This is a short film that my friends and I made in high school. It was our first real production. Looking back it is very cheesy and over the top, but we had allot of fun making it and did a great job given are level of experience.
The film is based on the true story of the infamous hijacking of Northwest Orient Flight 305 on November 24, 1971 by "D.B. Cooper." Cooper boarded the flight from Portland, Oregon to Seattle on Thanksgiving carrying a bomb in a briefcase. He demanded four parachutes and $200,000 in 20 dollar bills.

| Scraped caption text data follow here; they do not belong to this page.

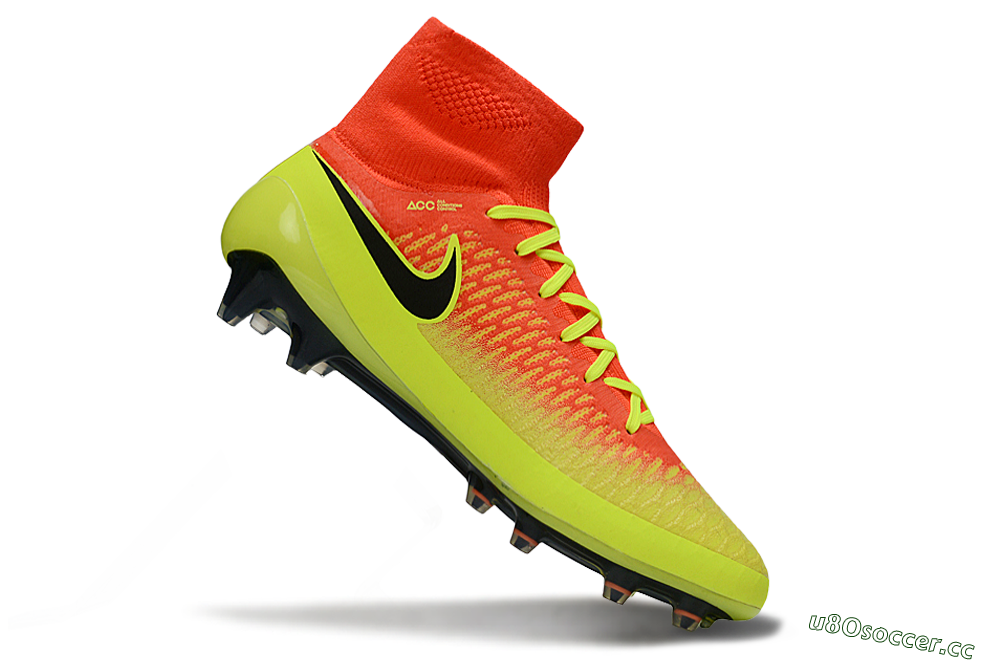 Men's Nike Magista Obra FG Firm Ground High-Tops Football Boots - Yellow/Electric Yellow/Fiery Orange 4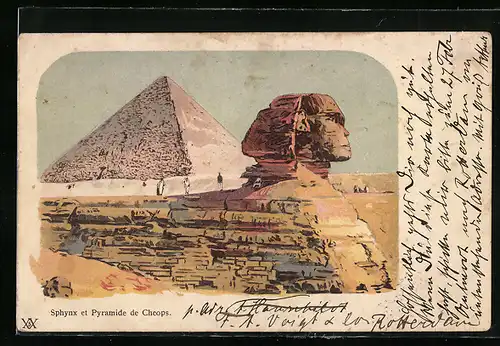 Künstler-AK Gizeh, Sphynx et Pyramide de Cheops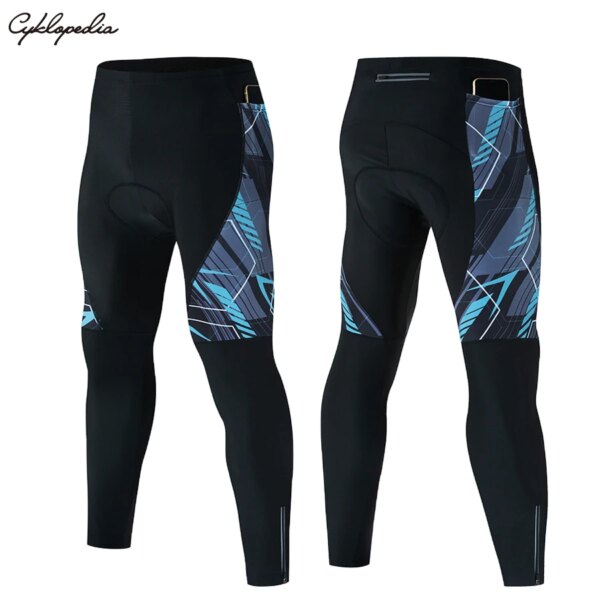 Pantalones de ciclismo con 3 bolsillos para hombre, mallas con almohadilla 5D de larga distancia, ropa para bicicleta de montaña de secado rápido, medias para hombre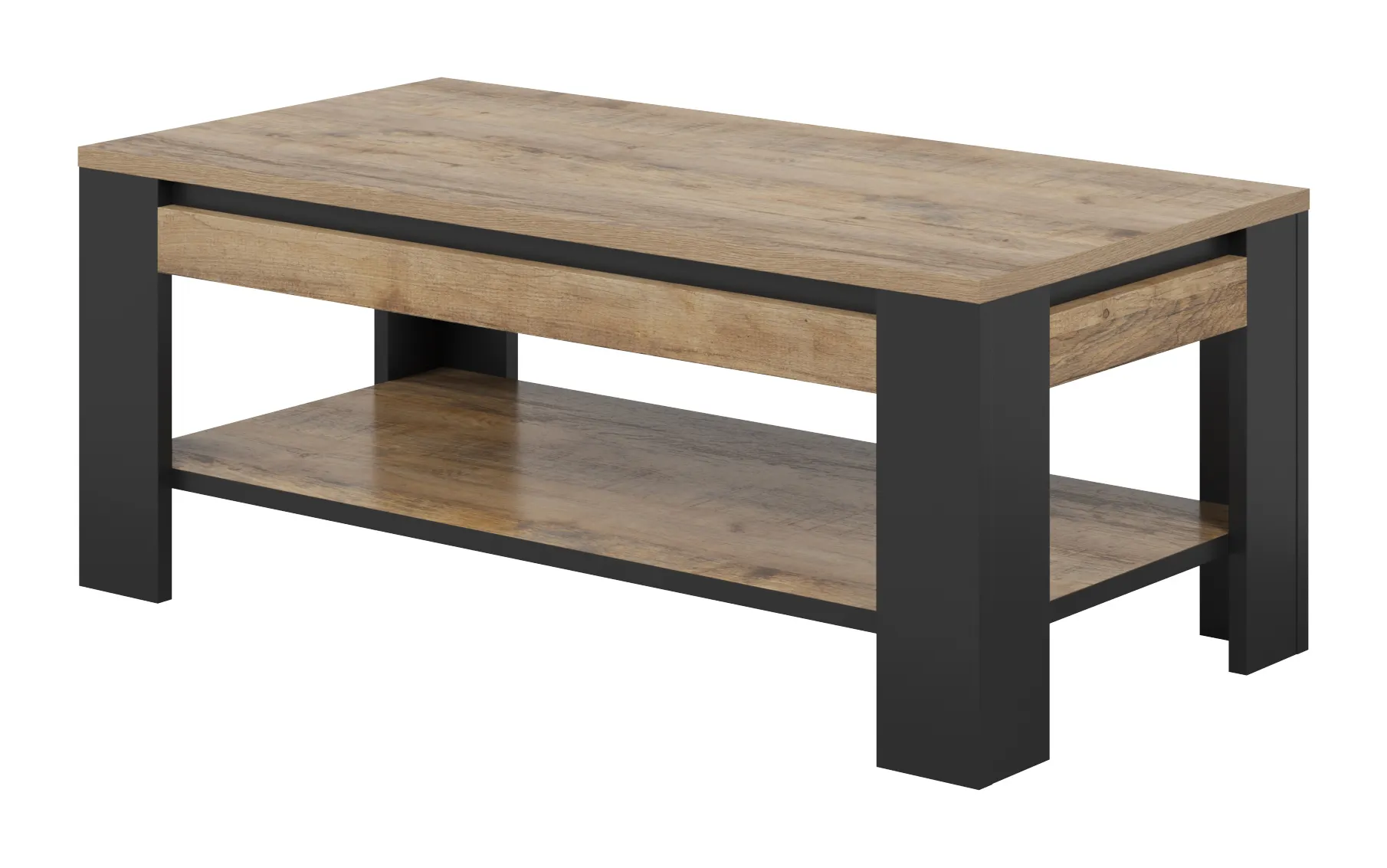 Stolik kawowy z półką TUDOR 60x120 - dąb samdal, czarny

After his demands were met, he released the passengers and one of the flight attendants and ordered the crew to fly the plane to Mexico City. After sending the remaining flight attendant to the cockpit, he took his bomb and his money, and used one set of parachutes to jump out the rear air stairs of the plane, somewhere over Southwest Washington state.
The serial numbers of his money was recorded, but has never appeared in circulation. In 1980 an 8 year old boy found approximately $5,000 of the ransom money on the shores of the Columbia River.
Dan Cooper was never seen or heard from again. His real name and identify have never been discovered. His crime, codenamed "Norjak," has never been solved.
What editing system did you use back then. This is PICTURE PERFECT quality, like an 80's film! What grade did you get?
Ay2har 7 months ago
@Ay2har We rough cut the movie with Casablanca system. It was an early NLE system that was kind of a low-cost, set top box affair.
If memory serves it couldn't bring in all the footage at full resolution so we sort of did a "conform" using a Panasonic SVHS deck to deck system. Transitions were done with a Videonics MX-1 switcher, titles with the TitleMaker 2000. I think we brought the cheesy royalty free music in via a CD player hooked into a little 8 pod Shure mixer.
matthewpfingsten 4 months ago
How and when did you film this???? Cause I fing it very hard to understand how the hell you were able to film in an airport thise day in age?
VonSchrader8842 1 year ago
@VonSchrader8842 We shot it in the fall of 1998. The stuff in the terminal was no big deal as we just had a Hi8 handycam and one actor, and it was a weekday. The stuff on the tarmac we called and got permission and were escorted around by airport employees.
The airplane interior was not in a decommissioned 727 that was owned by a man named Bruce Campbell (not the actor) who was converting it into his house.